TRY IT -> What is needed is the exact text of each line in the listing below from the one with "茄子(子)福(福)利视频" up to and including the one with "Phormium Golden Ray", and no pictures.

DATASET ENTRIES ->
↓↓↓

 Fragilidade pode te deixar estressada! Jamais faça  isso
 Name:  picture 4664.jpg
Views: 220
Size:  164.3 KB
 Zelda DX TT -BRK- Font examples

↑↑↑
↓↓↓

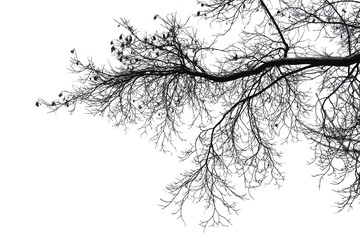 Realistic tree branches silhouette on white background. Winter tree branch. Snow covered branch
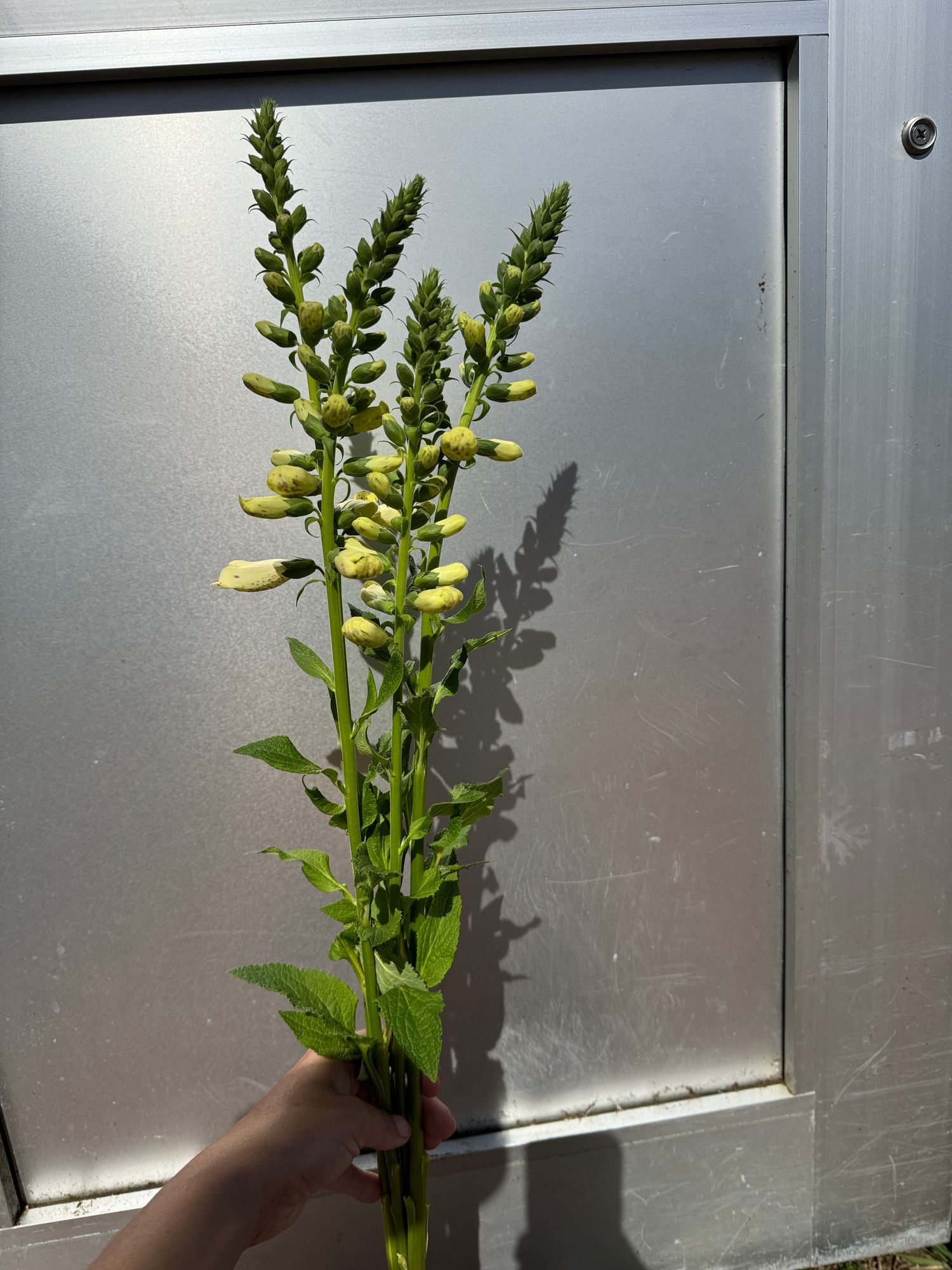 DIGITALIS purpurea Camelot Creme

↑↑↑
↓↓↓

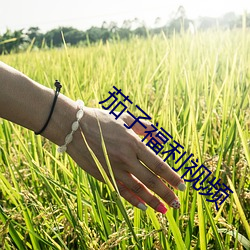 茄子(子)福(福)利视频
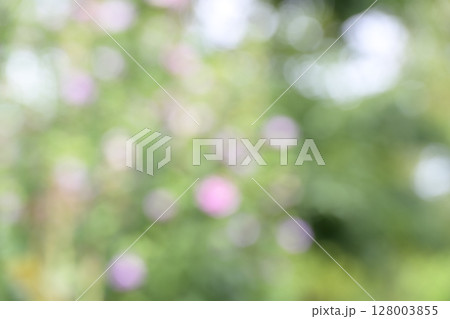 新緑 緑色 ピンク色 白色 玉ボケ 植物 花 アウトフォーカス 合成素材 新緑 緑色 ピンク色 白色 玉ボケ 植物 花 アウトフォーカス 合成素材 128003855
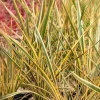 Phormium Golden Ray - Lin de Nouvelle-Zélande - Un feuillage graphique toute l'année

↑↑↑

THE COMPLETED TASK ->
 茄子(子)福(福)利视频
 新緑 緑色 ピンク色 白色 玉ボケ 植物 花 アウトフォーカス 合成素材 新緑 緑色 ピンク色 白色 玉ボケ 植物 花 アウトフォーカス 合成素材 128003855
 Phormium Golden Ray - Lin de Nouvelle-Zélande - Un feuillage graphique toute l'année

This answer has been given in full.